How to Kalman filter

question

#1

I need to improve on estimated locations of a moving object using prior knowledge about its speed (speed changes are small) and angular speed (its direction doesn’t change much either). For background, this is a continuation from this post.

I read this excellent explanation about Kalman filters, and checked out the Kalman, StateSpace, DataAssim, and StateSpaceRoutines packages, but I’m not sure exactly how to implement any of the functionalities in those packages.

Has anyone had any experience with improving estimated locations of a moving object with a known range of speeds and angular speeds using a Kalman filter?

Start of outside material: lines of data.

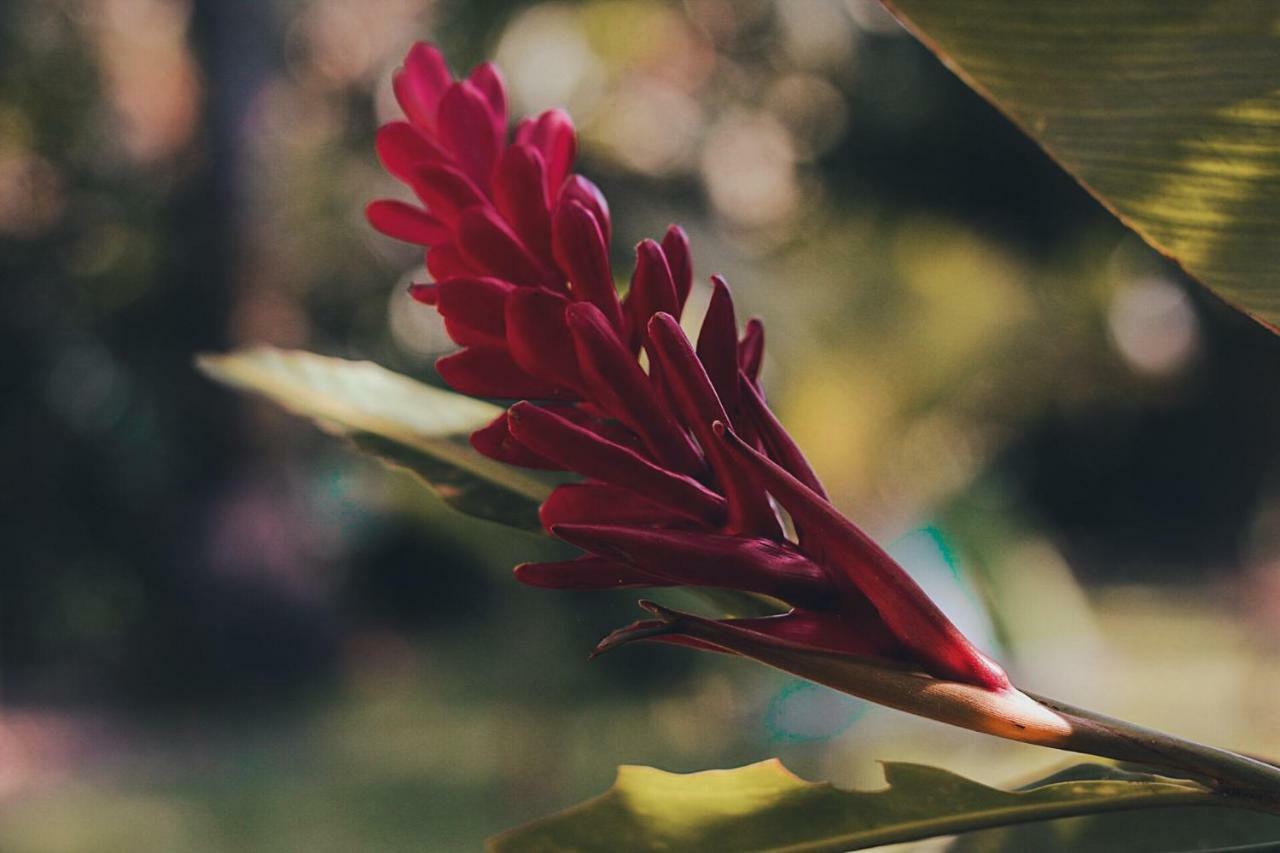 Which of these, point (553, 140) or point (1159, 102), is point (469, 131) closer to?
point (553, 140)

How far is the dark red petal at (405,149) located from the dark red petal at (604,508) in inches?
4.8

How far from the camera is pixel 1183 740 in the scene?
0.29m

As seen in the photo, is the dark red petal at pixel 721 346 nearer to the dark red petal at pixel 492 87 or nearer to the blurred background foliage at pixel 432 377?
the dark red petal at pixel 492 87

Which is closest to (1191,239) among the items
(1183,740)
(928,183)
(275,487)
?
(1183,740)

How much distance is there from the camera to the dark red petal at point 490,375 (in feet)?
1.18

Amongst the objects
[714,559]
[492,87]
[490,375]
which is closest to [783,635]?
[714,559]

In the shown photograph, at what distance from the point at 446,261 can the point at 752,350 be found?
11cm

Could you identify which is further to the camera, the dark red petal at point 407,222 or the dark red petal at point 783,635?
the dark red petal at point 407,222

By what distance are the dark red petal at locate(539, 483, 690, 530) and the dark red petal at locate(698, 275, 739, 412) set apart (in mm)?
39

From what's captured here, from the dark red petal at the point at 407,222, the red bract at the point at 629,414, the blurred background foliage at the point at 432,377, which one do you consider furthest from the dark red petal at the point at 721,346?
the blurred background foliage at the point at 432,377

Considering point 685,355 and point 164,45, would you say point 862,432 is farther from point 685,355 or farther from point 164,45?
point 164,45

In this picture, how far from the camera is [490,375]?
0.36 meters

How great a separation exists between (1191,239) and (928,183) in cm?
559

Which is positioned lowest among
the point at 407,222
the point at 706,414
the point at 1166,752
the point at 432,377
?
the point at 1166,752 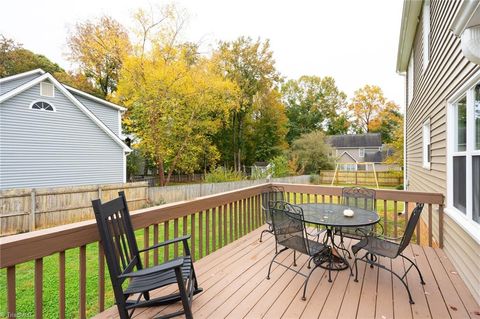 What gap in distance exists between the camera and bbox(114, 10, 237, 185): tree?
43.1 feet

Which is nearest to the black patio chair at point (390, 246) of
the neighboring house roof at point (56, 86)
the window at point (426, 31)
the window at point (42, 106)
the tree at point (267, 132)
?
the window at point (426, 31)

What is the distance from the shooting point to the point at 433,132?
4523 mm

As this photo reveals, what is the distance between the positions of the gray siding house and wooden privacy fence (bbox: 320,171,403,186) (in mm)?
15516

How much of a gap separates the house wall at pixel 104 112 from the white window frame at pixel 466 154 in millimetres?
13514

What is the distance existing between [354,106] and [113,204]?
3618 centimetres

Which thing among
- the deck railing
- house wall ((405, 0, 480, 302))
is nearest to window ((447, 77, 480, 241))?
house wall ((405, 0, 480, 302))

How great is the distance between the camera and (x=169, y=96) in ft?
44.2

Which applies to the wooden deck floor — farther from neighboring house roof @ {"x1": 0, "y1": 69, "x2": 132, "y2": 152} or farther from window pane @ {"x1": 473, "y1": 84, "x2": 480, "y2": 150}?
neighboring house roof @ {"x1": 0, "y1": 69, "x2": 132, "y2": 152}

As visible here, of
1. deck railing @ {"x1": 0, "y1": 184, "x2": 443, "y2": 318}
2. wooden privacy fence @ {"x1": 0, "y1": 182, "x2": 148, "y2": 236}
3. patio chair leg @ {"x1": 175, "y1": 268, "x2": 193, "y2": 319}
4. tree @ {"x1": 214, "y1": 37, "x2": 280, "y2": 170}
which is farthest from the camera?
tree @ {"x1": 214, "y1": 37, "x2": 280, "y2": 170}

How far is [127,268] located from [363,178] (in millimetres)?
19733

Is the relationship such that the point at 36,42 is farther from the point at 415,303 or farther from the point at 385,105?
the point at 385,105

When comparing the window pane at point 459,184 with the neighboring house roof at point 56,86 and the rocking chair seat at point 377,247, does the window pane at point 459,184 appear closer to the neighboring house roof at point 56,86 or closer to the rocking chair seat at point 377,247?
the rocking chair seat at point 377,247

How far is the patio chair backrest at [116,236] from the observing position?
169cm

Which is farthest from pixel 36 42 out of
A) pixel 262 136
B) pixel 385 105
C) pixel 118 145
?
pixel 385 105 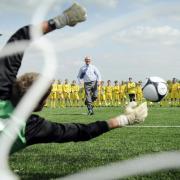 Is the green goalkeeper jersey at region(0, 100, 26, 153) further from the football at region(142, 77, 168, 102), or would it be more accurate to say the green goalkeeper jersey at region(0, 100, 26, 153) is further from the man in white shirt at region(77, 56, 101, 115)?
the man in white shirt at region(77, 56, 101, 115)

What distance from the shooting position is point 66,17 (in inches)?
121

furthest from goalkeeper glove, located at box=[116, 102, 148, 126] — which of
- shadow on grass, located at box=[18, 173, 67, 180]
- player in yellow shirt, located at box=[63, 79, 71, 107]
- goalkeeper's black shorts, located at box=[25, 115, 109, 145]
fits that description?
player in yellow shirt, located at box=[63, 79, 71, 107]

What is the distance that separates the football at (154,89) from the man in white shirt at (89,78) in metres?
8.53

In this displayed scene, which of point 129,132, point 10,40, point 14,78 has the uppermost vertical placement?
point 10,40

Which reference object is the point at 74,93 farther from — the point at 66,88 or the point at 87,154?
the point at 87,154

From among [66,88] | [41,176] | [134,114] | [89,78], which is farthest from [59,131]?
[66,88]

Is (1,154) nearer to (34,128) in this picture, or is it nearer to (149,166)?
(149,166)

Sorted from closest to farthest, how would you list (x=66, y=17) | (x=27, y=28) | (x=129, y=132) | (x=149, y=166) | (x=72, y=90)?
(x=149, y=166), (x=66, y=17), (x=27, y=28), (x=129, y=132), (x=72, y=90)

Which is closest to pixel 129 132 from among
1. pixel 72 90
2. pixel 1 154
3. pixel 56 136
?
pixel 56 136

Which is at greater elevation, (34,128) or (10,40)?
(10,40)

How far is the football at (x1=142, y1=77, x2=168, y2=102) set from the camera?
8117mm

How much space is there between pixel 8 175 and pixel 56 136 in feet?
5.18

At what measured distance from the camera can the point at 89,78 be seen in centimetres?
1703

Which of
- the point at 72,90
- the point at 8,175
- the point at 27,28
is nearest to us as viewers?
the point at 8,175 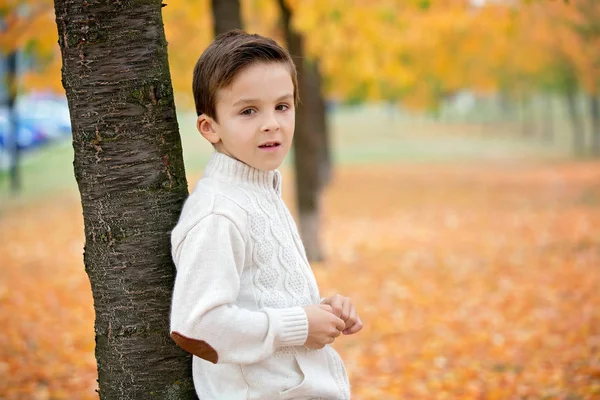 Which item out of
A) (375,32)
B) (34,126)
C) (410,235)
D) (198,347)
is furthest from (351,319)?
(34,126)

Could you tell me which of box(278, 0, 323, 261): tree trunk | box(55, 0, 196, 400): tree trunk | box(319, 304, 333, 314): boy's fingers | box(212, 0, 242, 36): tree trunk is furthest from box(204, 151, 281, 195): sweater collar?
box(278, 0, 323, 261): tree trunk

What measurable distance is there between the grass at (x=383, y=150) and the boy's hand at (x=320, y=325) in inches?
593

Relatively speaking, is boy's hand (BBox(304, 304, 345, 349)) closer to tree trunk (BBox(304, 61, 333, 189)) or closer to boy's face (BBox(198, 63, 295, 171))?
boy's face (BBox(198, 63, 295, 171))

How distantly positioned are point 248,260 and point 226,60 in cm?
55

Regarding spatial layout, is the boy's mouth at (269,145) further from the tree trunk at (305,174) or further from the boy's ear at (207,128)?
the tree trunk at (305,174)

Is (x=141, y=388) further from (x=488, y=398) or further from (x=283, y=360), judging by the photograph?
(x=488, y=398)

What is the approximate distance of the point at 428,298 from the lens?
774 cm

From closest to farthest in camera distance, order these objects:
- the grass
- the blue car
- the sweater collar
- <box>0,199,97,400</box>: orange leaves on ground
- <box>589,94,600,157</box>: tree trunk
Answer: the sweater collar
<box>0,199,97,400</box>: orange leaves on ground
the grass
the blue car
<box>589,94,600,157</box>: tree trunk

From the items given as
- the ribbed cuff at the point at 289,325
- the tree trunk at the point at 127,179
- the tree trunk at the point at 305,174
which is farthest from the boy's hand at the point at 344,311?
the tree trunk at the point at 305,174

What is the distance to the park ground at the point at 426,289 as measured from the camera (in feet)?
17.2

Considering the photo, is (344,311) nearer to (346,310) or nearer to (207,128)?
(346,310)

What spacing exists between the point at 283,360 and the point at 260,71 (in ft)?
2.66

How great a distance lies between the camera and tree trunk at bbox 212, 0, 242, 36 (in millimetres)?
7293

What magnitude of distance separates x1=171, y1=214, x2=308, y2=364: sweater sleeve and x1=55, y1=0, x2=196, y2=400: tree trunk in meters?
0.36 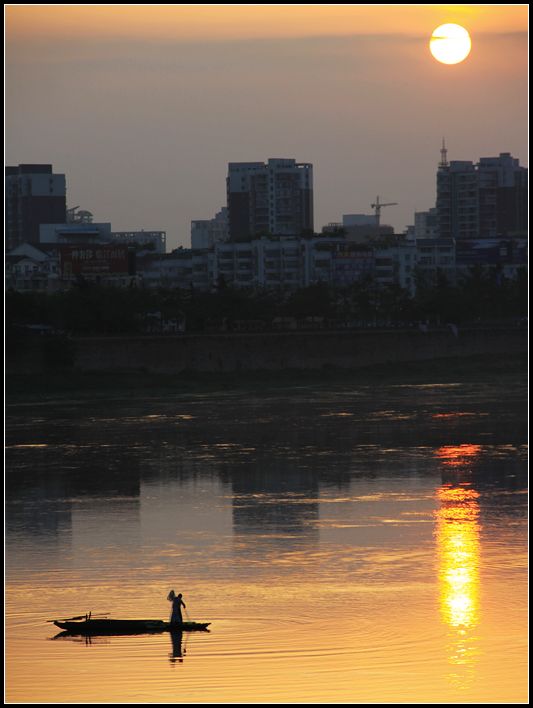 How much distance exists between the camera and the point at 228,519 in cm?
2473

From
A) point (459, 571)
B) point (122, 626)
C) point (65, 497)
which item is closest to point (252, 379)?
point (65, 497)

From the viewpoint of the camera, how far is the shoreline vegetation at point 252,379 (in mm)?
58000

As always, thanks for any input!


Help implement Kalman filter
#2

For what it is worth: if you have a background in basic statistics, I always find the Kalman Filter much easier to understand, interpret, and derive thinking like a Bayesian with a hidden markov model. There are a million derivations along those lines, but this is as good as any: https://lectures.quantecon.org/jl/kalman.html

Can’t help you on the particular problem due to rusty mechanics, but your best bet is to start with the physics. The best approach is to assume you know everything and write down the math in a linear state space model, where the state vector to use should be clear if you get the physics right. If you get all of the matrices right for the evolution equation, then the observation equation just comes down to figuring out how the underlying state is measured (which is problem dependent).


#3

I’m not convinced that a Kalman filter is appropriate in this case (see below), but here goes. As @jlperla said, the first step is to write down a process model as a discrete time linear state space model with Gaussian process noise, i.e. something of the form

\mathbf{x}[k] = \mathbf{A} \mathbf{x}[k -1] + \mathbf{B} \mathbf{u}[k] + \mathbf{w}[k]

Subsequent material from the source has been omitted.